Cooper's first cabinet picks controversial
Published January 5, 2017
by Susan Myrick, Civitas Institute, January 4, 2017.
Governor Roy Cooper’s decision to wait to announce his cabinet appointments until after his swearing in is highly unusual as reported in this recent Civitas article. In the article, Francis De Luca pointed out that just days before Cooper was sworn into office, he had “yet to announce any of the cabinet or high level administrative officials needed to run a government.”
Yesterday, three days after being sworn-in to office, Cooper was quoted as saying; “We’re hitting the ground running by making sure veteran managers are in place across state agencies,” then he announced only two of his ten cabinet nominees. Up until January 3rd he even refused to name the interim heads of the agencies after firing the previous agency heads midnight New Year’s eve.
As he makes these announcements, you can start to see why he delayed. His choices are sure to be controversial and to bring criticism and anger from many of those who voted for him.
The first of his cabinet appointments, Michael Regan, was named as nominee for Secretary of the Department of Environmental Quality. With this appointment Cooper signals his allegiance to the most radical elements of the environmental movement.
Until recently, Regan was a Senior Official of the radical Environmental Defense Fund (EDF). He served with the EDF since 2008 and his most recent position was as Associate Vice President, U.S. Climate and Energy & Southeast Regional Director.
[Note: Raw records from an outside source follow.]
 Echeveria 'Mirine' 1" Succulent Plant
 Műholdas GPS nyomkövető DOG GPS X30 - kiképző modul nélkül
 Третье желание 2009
EDF is a mega non-profit with reported assets over $204 million in 2015 with an agenda that rivals the most radical of environmental groups. Fully supporting President Obama’s climate agenda that included his War on Coal (an effort to shut down all coal-fired power plants) EDF ran political ads against Republican senators in 2013.
More important is the role Regan and the EDF had with Blueprint NC, the liberal umbrella organization that is known for producing and releasing a 2013 strategy memo that described a game plan for progressive groups to use to attack (by “crippling”) the newly elected Republican governor and leaders in the Republican-majority House and Senate. The memo directed its members to “eviscerate, mitigate, litigate, cogitate and agitate” the state’s Republican leadership.
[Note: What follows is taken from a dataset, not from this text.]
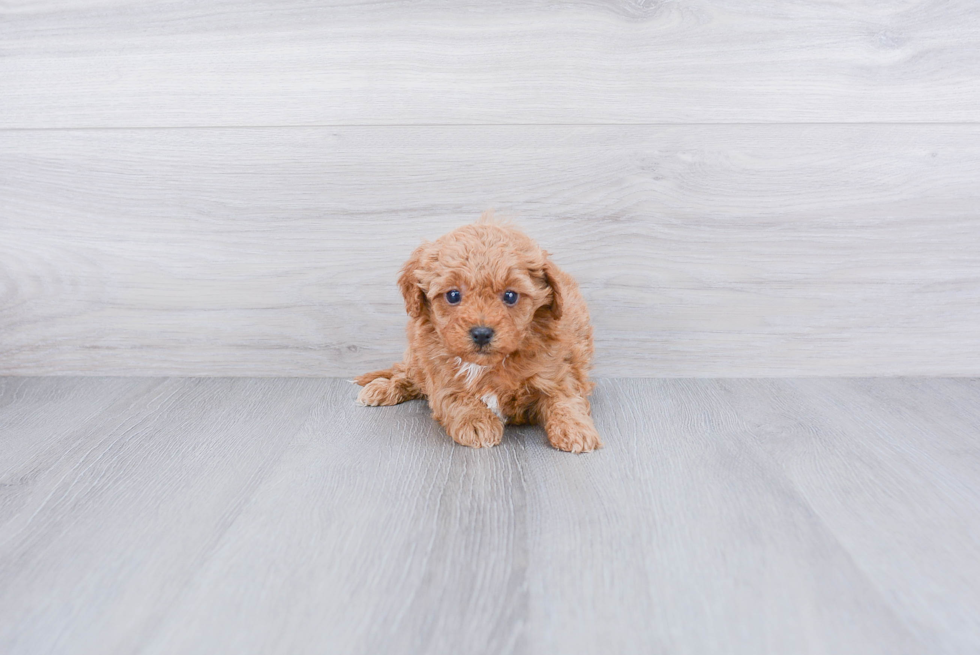 Playful Cavoodle Poodle Mix Puppy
The members of Blueprint waged a four-year war on McCrory and the Republican legislature. Their ultimate aim was to capture political control of North Carolina and advance their radical progressive agenda.
Before EDF, Regan worked for the EPA for ten years. The EPA and EDF work together to advance the radical environmentalist agenda. They cooperated with groups like the Natural Resources Defense Councilin what is known as “Sue and Settle” agreements. Radical environmentalist like the NRDC would sue the EPA and progressive government employees would settle out of court and pay the legal costs and do what the NRDC wanted. No new laws needed!
The combination of these two powerful entities is not lost on political operatives. According to the U.S. Senate Committee on Environment and Public Works Minority Staff Report (July 30, 2014):
“Under President Obama, EPA has given more than $27 million in taxpayer-funded grants to major environmental groups. Notably, the Natural Resources Defense Council and Environmental Defense Fund – two key activist groups with significant ties to senior EPA officials – have collected more than $1 million in funding each. (Pg. 34)”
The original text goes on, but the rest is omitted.